Is it necessary to cover the entrance holes when you install the package? If it is how long do you keep them covered?


----------



## REWERT (Jan 30, 2009)

I put (3) 1" holes on the side, about 1/3 way from one end and towards the bottom. My climate (Wisconsin) is cold so my thought was to use followers to keep the hive more compact in the winter. I will also add sheet foam insulation between the 2 ends and followers to help retain some heat.


----------



## dan k 1 (Jan 7, 2009)

*Brood nest, where is it located?*

Hello Everyone, I have a question. Where will the bees build their brood nest in a T.B.H with 3, 1" holes in the front/end of the hive as an entrance. I saw in a dvd they will build the brood area in toward the center of the hive with honey stores on either side. I also read they will build it close to the entrance.

Thanks 
Dan


----------



## Michael Bush (Aug 2, 2002)

>Where will the bees build their brood nest in a T.B.H with 3, 1" holes in the front/end of the hive as an entrance.

Wherever they want. 

> I saw in a dvd they will build the brood area in toward the center of the hive with honey stores on either side. I also read they will build it close to the entrance.

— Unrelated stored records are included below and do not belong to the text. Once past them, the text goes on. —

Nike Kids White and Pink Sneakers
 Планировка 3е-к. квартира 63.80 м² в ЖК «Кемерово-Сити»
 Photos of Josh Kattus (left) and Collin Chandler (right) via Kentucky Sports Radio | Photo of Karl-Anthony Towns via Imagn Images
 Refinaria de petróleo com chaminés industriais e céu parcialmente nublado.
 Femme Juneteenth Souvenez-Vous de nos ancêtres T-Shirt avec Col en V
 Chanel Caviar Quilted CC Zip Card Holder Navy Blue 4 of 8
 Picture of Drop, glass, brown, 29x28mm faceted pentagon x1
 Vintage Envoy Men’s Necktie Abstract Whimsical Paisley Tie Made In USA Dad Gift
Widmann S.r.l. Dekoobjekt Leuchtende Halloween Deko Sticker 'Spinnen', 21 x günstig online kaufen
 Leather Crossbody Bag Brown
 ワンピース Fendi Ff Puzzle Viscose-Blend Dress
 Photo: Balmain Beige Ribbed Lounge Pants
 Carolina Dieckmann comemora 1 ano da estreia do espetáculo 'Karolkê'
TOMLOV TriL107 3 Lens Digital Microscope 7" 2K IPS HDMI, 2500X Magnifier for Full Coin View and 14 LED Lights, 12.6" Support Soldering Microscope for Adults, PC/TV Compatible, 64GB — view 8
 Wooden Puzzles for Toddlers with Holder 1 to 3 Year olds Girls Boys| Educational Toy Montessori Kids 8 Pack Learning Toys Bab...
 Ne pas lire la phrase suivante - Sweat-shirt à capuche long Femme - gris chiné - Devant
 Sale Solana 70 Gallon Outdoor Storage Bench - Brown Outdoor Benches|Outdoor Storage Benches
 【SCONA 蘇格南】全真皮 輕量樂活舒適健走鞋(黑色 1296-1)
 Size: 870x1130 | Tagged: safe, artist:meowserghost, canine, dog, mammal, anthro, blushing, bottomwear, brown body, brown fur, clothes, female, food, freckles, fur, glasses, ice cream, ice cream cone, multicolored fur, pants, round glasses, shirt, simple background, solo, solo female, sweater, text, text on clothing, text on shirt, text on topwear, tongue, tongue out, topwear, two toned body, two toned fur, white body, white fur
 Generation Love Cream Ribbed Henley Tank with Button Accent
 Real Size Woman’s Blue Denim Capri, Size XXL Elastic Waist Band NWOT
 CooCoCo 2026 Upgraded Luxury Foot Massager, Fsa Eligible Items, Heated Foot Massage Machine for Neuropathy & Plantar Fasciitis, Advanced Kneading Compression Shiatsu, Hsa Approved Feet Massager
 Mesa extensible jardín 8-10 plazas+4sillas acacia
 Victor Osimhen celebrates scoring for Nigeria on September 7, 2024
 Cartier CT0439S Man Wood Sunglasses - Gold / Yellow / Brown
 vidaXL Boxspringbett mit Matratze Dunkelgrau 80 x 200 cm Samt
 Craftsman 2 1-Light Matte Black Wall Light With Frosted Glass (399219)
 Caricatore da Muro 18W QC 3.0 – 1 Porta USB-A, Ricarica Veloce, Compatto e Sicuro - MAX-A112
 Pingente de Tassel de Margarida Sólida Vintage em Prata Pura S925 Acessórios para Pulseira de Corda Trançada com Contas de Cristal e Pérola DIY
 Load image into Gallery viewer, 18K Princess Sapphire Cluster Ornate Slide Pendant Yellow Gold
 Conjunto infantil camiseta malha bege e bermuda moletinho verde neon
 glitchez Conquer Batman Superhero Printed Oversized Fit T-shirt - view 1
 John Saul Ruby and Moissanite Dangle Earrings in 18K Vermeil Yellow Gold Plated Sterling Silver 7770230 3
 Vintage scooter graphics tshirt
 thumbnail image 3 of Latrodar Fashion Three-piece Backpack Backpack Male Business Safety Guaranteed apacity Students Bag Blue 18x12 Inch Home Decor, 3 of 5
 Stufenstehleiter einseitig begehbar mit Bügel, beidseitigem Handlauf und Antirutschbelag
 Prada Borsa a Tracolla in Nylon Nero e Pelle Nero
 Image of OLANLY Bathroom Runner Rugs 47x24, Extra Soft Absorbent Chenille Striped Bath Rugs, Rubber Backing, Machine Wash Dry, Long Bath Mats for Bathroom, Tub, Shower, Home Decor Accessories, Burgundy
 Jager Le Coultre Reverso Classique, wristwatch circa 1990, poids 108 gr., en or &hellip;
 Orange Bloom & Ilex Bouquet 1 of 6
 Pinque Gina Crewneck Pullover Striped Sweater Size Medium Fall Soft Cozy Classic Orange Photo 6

They tend towards being close to the entrance, but there are no guarantees.


----------



## wisbigcheese (Jan 23, 2009)

*brood*

Mine brood seem to bee in the middle . I have (3) 3/4 in entrance holes.


----------



## Michael Bush (Aug 2, 2002)

Just got into my KTBH this spring. A mouse got in despite the top entrance and wrecked half of the hive. Just a little cluster of bees left alive as the mice ate the rest... I think I want to move the entrance higher...


----------



## BGhoney (Sep 26, 2007)

I just put a package of bees in my first kenyan hive a week ago. The started building comb right back at the follower board 8 frames back, they have drawn 4 frames down about 8 inches in 5 days. ( kinda kewl ) I used mr Bushes idea of the triangle wood slate and they a perfectly on track. I didn't drill a hole for an entrance, but notched a first boad 3/4 by 2 inch. When they get cranking I will just move it back a half inch and have a 15in opening...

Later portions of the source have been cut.